Life goes on

The days seemed uneventful, we went to school as usual, and mother was increasingly busy, raising her children on her own. 

Despite the house being unencumbered, it was difficult to make ends meet, we were living under the poverty line.  The widow pension was not enough.

Mum kept a strict budget in the ledger, recording all her incomings and outgoings.  She had a “Singer” sewing-machine and was able to mend and make all our clothes. Mum, without a car, found a few part-time cleaning jobs at private homes close by, and in this way, was able to walk to work, with Robert in his pram.  He played with his match-box cars, whilst mum cleaned house.

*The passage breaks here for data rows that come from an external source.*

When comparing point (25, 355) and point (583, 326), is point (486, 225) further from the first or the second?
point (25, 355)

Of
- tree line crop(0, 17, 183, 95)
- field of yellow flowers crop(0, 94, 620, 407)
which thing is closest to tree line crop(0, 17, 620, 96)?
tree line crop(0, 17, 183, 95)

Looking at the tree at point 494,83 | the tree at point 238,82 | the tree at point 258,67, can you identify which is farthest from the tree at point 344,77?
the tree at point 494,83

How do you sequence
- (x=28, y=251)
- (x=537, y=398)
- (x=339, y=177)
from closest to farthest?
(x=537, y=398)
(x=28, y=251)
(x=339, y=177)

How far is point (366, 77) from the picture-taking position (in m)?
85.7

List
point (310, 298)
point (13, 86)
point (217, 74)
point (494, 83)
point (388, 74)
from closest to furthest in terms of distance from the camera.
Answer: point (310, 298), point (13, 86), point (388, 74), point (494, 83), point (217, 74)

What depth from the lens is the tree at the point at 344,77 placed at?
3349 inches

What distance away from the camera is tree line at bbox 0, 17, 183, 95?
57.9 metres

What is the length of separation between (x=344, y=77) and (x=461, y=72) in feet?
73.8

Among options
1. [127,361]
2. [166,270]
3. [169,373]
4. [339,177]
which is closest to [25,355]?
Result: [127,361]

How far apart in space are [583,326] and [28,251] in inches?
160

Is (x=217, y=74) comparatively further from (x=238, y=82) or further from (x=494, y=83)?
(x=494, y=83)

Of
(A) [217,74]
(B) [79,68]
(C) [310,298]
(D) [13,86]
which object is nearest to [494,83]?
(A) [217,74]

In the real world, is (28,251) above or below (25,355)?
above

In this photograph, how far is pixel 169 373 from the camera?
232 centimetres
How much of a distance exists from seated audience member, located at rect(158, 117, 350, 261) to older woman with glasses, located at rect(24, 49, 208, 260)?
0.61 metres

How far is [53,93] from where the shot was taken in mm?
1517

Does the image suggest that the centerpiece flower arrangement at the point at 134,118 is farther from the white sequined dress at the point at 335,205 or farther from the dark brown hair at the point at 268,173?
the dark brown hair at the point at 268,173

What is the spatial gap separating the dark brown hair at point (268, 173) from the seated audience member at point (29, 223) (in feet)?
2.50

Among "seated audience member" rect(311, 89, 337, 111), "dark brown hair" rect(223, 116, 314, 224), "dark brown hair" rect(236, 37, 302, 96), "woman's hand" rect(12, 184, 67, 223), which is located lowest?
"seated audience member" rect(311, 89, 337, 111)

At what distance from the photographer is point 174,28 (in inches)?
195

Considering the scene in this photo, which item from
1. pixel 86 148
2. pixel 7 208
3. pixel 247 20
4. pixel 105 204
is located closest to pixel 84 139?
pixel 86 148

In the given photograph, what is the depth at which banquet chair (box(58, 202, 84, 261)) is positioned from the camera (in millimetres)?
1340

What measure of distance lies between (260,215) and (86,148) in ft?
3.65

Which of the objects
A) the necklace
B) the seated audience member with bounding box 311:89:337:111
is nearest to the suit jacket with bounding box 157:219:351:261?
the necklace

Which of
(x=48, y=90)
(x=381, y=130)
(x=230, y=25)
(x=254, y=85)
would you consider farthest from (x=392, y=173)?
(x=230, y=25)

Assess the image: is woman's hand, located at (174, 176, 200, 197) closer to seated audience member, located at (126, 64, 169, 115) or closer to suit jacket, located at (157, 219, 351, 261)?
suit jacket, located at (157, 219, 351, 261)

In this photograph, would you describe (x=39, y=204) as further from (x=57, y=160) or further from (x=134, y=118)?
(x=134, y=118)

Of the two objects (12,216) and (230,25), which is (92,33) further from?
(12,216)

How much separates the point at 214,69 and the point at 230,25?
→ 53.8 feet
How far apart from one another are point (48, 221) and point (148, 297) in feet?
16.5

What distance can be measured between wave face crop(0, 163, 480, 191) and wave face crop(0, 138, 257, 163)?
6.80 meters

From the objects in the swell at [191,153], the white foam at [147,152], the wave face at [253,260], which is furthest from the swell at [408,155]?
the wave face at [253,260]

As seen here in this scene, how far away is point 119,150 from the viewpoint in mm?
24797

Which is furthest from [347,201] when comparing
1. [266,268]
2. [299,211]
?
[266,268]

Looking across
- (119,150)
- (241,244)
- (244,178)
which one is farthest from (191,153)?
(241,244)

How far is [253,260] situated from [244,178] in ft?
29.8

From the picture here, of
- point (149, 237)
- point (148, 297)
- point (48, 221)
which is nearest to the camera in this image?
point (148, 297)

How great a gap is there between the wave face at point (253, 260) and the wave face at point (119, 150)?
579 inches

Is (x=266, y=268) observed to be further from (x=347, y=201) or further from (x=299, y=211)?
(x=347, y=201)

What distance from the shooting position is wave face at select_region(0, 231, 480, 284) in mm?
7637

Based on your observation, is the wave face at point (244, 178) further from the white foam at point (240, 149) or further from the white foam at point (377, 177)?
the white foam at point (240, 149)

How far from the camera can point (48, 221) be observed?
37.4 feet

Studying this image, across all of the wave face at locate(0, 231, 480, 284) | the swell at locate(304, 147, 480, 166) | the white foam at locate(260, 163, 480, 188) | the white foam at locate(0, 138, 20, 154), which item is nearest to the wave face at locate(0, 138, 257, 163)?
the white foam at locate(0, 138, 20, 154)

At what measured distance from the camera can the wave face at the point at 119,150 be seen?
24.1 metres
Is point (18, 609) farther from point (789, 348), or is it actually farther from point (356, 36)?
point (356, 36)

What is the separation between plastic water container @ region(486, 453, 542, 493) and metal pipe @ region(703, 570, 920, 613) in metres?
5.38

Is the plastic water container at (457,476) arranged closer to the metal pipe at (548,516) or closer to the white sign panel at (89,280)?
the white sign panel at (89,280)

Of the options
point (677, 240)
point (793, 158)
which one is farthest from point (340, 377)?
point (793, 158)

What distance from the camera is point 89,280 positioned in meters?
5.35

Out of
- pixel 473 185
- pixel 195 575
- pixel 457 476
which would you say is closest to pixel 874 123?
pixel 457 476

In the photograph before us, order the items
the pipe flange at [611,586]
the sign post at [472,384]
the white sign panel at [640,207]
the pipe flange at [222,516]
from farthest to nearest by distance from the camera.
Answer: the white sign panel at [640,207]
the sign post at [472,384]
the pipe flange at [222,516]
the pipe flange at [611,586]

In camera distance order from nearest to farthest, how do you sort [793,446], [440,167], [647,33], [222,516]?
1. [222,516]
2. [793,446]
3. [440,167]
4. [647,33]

There was the Van Til house, the home of a Judge and a mansion called Welby Park, beautiful Federation homes, where mum cleaned house weekly.  

During the weekends, mum sent us out to play, saying, “it’s a beautiful day, stay outside and do not bother me, or come inside, I am mopping the floor”, or else, she was sewing or painting, there were so many chores. 

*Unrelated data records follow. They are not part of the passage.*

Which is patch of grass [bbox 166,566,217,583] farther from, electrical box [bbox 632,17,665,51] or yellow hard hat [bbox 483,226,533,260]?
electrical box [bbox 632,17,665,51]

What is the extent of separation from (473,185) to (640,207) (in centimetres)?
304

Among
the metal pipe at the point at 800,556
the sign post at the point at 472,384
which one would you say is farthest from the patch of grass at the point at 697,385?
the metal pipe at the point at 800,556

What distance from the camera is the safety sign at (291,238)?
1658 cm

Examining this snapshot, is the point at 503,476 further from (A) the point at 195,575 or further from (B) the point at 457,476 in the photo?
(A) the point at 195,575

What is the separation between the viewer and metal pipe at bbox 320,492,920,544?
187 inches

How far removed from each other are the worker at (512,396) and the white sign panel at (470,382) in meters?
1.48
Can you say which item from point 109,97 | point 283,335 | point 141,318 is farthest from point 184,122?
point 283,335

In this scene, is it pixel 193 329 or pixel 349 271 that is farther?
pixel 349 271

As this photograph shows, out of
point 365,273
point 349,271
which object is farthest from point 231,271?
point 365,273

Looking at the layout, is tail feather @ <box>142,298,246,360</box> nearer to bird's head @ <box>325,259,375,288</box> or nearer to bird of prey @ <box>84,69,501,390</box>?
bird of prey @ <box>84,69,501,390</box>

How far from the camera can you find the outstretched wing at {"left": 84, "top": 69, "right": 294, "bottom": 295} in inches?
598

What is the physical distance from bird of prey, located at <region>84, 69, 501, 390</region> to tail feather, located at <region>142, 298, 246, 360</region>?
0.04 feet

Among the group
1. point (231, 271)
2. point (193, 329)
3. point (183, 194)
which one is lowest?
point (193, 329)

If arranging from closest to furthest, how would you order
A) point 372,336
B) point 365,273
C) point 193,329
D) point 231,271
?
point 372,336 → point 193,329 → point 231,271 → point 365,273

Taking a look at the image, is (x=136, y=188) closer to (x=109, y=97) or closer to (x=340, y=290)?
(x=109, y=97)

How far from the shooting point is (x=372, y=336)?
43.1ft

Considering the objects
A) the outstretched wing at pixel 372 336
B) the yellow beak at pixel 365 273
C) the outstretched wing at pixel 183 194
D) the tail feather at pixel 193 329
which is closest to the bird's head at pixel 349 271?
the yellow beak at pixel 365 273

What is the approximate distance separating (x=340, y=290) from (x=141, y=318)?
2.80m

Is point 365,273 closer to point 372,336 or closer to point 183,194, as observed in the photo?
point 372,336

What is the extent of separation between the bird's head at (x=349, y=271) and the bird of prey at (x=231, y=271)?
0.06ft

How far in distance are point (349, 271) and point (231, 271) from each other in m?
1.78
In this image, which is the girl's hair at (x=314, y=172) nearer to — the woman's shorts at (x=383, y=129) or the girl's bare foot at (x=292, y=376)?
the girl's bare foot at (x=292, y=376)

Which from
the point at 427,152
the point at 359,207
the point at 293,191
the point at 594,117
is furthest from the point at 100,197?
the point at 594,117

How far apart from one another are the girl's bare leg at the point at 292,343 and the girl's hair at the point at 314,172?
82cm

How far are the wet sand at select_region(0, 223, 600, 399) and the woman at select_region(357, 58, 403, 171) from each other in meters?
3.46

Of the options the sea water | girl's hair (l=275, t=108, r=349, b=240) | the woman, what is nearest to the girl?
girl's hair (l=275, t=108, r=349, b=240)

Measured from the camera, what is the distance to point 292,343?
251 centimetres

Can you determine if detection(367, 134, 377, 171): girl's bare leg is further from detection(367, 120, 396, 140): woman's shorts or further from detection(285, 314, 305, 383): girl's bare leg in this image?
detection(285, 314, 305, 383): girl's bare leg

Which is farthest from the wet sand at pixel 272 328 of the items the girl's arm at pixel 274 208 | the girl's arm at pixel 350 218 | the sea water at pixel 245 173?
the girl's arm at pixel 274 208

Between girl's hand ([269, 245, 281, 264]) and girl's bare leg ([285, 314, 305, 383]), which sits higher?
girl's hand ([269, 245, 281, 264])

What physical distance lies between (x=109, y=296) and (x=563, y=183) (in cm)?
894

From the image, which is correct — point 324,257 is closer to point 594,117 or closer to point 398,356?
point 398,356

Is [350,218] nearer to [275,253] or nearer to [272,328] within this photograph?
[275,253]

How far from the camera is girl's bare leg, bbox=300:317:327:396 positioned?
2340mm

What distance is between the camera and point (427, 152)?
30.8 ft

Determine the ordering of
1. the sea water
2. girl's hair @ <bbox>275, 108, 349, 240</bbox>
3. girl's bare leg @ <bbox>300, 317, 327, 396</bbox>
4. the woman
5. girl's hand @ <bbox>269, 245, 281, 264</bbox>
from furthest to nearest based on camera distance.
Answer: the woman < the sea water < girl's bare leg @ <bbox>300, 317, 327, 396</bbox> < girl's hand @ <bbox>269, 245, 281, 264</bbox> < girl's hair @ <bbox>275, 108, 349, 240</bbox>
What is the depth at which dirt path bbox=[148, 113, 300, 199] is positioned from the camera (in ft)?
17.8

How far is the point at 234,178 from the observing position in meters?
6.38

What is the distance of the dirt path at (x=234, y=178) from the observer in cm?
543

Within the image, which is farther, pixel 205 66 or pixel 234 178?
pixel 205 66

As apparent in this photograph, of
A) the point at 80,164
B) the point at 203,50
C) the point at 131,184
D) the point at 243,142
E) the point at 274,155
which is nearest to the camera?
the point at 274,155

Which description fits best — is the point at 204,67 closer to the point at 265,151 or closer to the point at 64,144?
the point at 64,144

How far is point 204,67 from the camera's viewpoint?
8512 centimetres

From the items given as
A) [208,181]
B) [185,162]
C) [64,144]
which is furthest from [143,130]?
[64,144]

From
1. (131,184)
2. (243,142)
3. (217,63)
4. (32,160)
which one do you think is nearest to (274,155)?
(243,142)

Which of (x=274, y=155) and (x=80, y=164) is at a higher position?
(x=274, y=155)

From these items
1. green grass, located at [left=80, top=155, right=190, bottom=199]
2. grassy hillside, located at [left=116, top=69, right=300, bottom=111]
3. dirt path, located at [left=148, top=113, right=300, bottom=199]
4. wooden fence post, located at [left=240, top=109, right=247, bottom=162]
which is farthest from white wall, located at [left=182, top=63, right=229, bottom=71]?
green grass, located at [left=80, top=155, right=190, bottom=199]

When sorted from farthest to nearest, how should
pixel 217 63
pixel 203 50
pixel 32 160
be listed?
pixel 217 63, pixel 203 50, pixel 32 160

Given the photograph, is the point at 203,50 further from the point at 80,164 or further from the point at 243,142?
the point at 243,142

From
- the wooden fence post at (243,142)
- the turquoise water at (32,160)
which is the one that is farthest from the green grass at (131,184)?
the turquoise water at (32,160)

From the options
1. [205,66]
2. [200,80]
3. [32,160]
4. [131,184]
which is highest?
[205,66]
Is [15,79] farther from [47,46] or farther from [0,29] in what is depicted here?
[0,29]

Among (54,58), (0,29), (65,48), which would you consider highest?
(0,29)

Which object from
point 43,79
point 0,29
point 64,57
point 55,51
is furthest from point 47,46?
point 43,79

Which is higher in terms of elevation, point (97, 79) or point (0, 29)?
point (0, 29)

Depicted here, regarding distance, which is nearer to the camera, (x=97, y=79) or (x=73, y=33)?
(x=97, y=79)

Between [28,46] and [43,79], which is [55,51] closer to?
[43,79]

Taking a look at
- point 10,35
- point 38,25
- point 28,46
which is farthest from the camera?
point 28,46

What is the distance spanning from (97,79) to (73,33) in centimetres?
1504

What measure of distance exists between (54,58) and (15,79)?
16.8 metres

Together with neighbourhood kids, or else, just my siblings and I, we would go explore the bush. Starting at the Gibbergunyah Creek, meandering through the thick scrub, then following the Nattai River, and traversing between deep gorges, carved in the course of thousands of years. We scrambled on rocky outcrops just big enough for little people to crawl along.

There were caves at the water’s edge, and from time to time we came across wide stretches of water. We found many small waterfalls and large tracts of blackberry, popular at the watercourses due to the abundant birdlife. We found an old abandoned tin canoe. We took it to the other side of a small lake and explored the caves. There were ancient carvings from a period long ago, I felt small and insignificant.

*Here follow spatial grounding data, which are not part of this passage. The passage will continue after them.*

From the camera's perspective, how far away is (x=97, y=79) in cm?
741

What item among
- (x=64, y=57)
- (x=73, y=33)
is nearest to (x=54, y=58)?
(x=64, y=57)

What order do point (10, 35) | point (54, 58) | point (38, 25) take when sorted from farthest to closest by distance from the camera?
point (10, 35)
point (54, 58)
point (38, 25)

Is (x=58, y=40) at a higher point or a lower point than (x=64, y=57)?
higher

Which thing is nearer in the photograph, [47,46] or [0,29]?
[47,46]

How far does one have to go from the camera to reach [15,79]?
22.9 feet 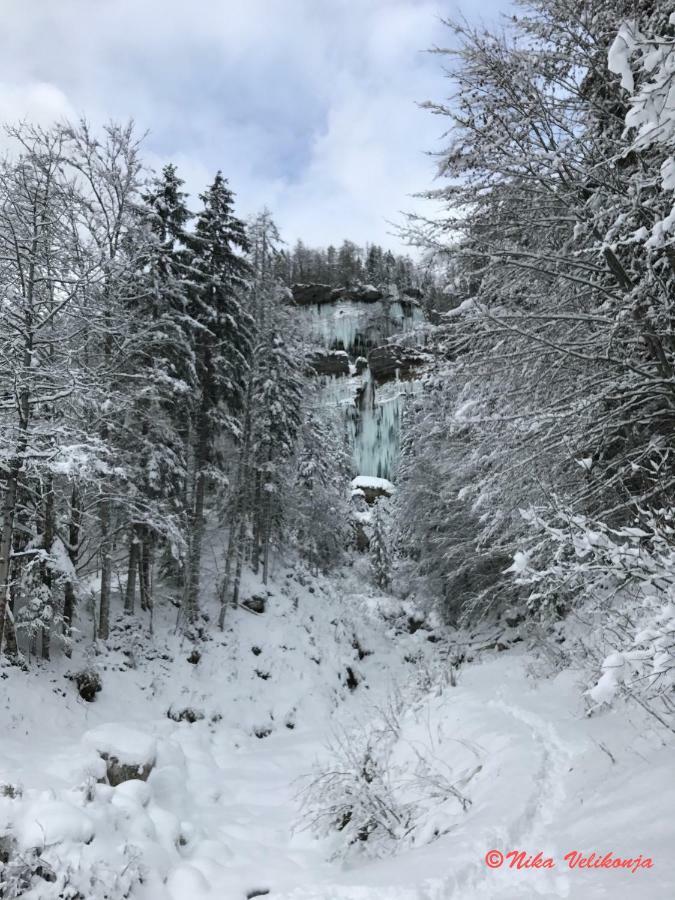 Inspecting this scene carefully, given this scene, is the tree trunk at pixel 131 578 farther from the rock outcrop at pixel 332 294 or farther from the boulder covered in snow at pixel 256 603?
the rock outcrop at pixel 332 294

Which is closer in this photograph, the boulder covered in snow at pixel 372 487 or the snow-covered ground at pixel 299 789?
the snow-covered ground at pixel 299 789

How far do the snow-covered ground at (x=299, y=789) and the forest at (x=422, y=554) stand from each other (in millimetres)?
40

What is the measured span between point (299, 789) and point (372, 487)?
127 feet

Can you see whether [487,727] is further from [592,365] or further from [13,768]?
[13,768]

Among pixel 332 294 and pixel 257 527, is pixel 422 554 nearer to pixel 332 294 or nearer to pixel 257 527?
pixel 257 527

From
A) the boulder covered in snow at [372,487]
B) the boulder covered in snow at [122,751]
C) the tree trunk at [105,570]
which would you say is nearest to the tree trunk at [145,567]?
the tree trunk at [105,570]

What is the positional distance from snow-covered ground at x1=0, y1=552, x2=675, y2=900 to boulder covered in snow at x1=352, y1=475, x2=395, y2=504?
32.6m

Jos was the eldest and the leader of the expeditions, and the boss to be obeyed. 

I found treasure, and was about to pick it up, when Jos screamed, “I bags that!” 

“No, I found it first” I said.  

Jos said, “I saw it first and bagsed it, so it’s mine, hand it over”. I handed it over. It was an unusual shaped and beautiful wooden box, inlaid with mother of pearl and filled with coins. Amazing how people would simply lose such a thing.

We built a fort at a cliff’s edge, overlooking a vast gully, with the creek glistening in the distance, and blue hills beyond. There were the odd fire trails, but for the most, we were off the beaten track.

There was the man-made presence on the peripheral of the bush. The garbage tip, cemetery and rifle range. Often, on our wanderings, we heard gunfire and the shrill of bullets piercing the atmosphere. We collected the spent cartridges or scrounged at the garbage tip, like feral-cats.

At one time Jos found a Japanese sword, decorated with dozens of coins, with little square holes in the centre of each of them, which was used to thread them to the sword.  We played Samurai and eventually lost all the coins, and then the sword disappeared as well. I imagine mother threw it out.

There were interesting discoveries of marine life at the waterways, where we swam naked, or chased wheelie bugs and dragonflies. We tried to catch tadpoles, or created dams with rocks, and then burst them for effect. 

At one time we wandered off too far into the dense scrub and realized we were lost. We saw Mount Gibraltar circle, to the left, then to the right, not knowing which direction to take. And then Mount Gibraltar disappeared altogether.

We “cooeed” and screamed out to hikers at the other side of a gorge, and they pointed us to the direction home. It was the Box Vale track we followed, leading us through the old rail tunnel from a disused coal mine, and on to the old Hume Highway.  

It was at these times, in our childhood, out in the great Australian bush, I gleaned an appreciation of nature, and the abundance of our national treasure, we had at our fingertips.